The least understood of the 5 titles, today it is usually translated as ‘King of Upper and Lower Egypt’, but in Ancient Egypt was more likely read as ‘ he of the sedge and the bee’, referring to the king as ‘the dual king’.  This duality was based on the premise that, as the king ruled the 2 lands of Upper and Lower Egypt, so he ruled over anything that had, both, contradictory and complimentary meanings, for example, ‘good/evil’, and ‘light/darkness’.

The NOMEN was added in the beginning of the 4th Dynasty (2613-2494BC).  It was the king’s birth name, and is introduced by the term ‘son of Re’.

From the latter half of the ‘Old Kingdom’, the principal name used was the prenomen, usually found alone, sometimes accompanied by the nomen.  The Horus-name was rarely used, and then only for identification purposes.

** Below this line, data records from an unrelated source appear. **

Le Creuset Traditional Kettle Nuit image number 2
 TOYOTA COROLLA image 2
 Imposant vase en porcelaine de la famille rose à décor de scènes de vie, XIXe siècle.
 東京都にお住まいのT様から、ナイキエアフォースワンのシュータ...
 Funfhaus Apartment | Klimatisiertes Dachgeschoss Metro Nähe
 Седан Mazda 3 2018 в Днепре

Both, the prenomen and the nomen, were almost always written in a ‘cartouche’ or ‘royal ring’.  The cartouche symbolises a loop formed by a rope, with the ends tied together, appearing as a straight line.  In actual fact, the cartouche should be round because it represents ‘eternity … encompassing the entire creation’.  The reason it is always depicted as oval is because of the length of the names written in hieroglyphs.

Cartouches of Ptolemy XII ~ Olaf Tausch

One of the most famous pharaohs, Ramesses II ...

Here are his five names:

Horus name – Kanakht Merymaat

Nebty name – Mekkemetwafkhasut

Golden Horus name – Userrenput-aanekktu

Prenomen – Usermaatre-Setepenre

Nomen – Ramesses (meryamun)

Ramesses II - prenomen and nomen

Using the Greek transliteration of his prenomen, ‘ Usermaatre-Setepenre’ – ‘ the justice of Re is powerful-chosen of Re’ – he is also known as Ozymandias.

A little side-note – ‘mery’ means ‘beloved’, so ‘meryamun’ means ‘beloved by Amun’.